So I was out of the country for a bit….Went to Turkey with some friends filming a new movie for MVM. The area was called herakleia, also known as bafa golu. Herakleia is the fabled hometown of Hercules. The area is literally layered with history dating from around 2000BC, when the original inhabitants left paintings in the caves under the rocks, and carved sarcophogi directly into the rocks. What is now a lake was once an inlet on the Aegean Sea. Around 300BC a Roman port town existed on the same site as the fabled Herakleia, and Roman artifacts, fortresses, and roads are still visible throughout the landscape. At some point (I need to study the history more) a landslide landlocked the inlet turning it into a salt water lake.

If you go to the momentum video site you can see some shorts (MC calls them dailies) of Turkey.The shorts don’t do the place justice. We looked upon miles of untouched golden granite. Lots of highballs. I think I climbed 2 previously established problems….everything else was cleaned and climbed for the first time on our trip. More posts to come with some pictures and videos of the area.

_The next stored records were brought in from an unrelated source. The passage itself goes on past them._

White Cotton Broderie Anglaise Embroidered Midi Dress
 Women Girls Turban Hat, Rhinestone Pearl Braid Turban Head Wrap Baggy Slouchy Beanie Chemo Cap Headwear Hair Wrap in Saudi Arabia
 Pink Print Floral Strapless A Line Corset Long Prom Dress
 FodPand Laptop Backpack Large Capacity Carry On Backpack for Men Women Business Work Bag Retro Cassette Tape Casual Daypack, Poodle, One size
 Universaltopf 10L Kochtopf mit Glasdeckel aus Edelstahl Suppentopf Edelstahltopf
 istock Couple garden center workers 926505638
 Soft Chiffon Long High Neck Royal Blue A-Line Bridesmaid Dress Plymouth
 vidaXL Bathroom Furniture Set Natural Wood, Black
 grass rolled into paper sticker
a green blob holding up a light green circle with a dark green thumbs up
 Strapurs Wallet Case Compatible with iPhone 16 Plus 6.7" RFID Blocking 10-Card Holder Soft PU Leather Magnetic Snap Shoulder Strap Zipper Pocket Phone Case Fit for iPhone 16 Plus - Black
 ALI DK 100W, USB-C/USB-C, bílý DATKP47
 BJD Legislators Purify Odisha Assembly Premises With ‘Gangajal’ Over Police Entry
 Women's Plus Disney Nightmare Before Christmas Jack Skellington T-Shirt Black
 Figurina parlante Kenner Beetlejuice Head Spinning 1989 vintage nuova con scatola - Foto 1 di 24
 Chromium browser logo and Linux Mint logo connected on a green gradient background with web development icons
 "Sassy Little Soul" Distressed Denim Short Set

In the meantime, here’s an excerpt from our first two days in Istanbul:

It snowed in Istanbul! A lot. We’re told it hasn’t snowed this much here in years….which is a mixed blessing. The snow has made the roads so bad that we have delayed our journey south to Bafa Lake (Bafa Golu). That’s a bummer, but it also means we get to stay in Istanbul an extra day and check it out. The snow also makes everything beautiful and surreal. Snow plows and shovels seem to be a foreign concept to the city. Merchants clean the sidewalks in front of their shops with squeegees, and the roads are a bit treacherous even to walk in – imagine cobble streets filled with a mixture of sheets of ice and 6″ deep puddles of slush. Today we explored the Blue Mosque – the wood, tile, and stone work is phenomenal, as is the architecture. The scales are colossal – pillars as big around as two elephants facing head to head, 60′ vaulted ceilings, one giant 500′ square carpet…it is all so impressive. We tried to check out Aya Sofia, the oldest and largest mosque in Istanbul, but it was closed. Next we went to the Grand Bazaar, the giant indoor market. With 12 of us and hundreds of narrow, crisscrossing alleys all under a roof, it was difficult not to get lost or lose each other. Trinkets were acquired, semi-precious stones, apple teas, jewelry, turkish evil eyes, hookahs….rugs were bartered over and almost bought (at far too high a price) but we all escaped relatively unscathed. Next stop was the spice market, with piles and piles of colorful spices as far as you could see in any direction (again, all under one roof). Apricots, nuts, turkish delights, turkish coffees, and of course Baklava. Baklava and coffee stops were made every hour on the hour, where we all recuperated over syrupy coffees and pastries that oozed honey.

 

The smell of coal in the air brings me back to China, but the people, the atmosphere, and the commerce is much more modern and western. About six times a day, prayers echo through the city over loudspeakers. They begin at 6am and occur every few hours for ten minutes at a time throughout the day. This also is surreal.

 

Tomorrow we hope to catch an early ferry (6am) across the marmara (sp?) sea and then drive another 5ish hours to bafa golu where we all hope the weather is drier and warmer. Everyone is having a great time, and Cerre says “P.S. Granny was right, the pastries are divine.”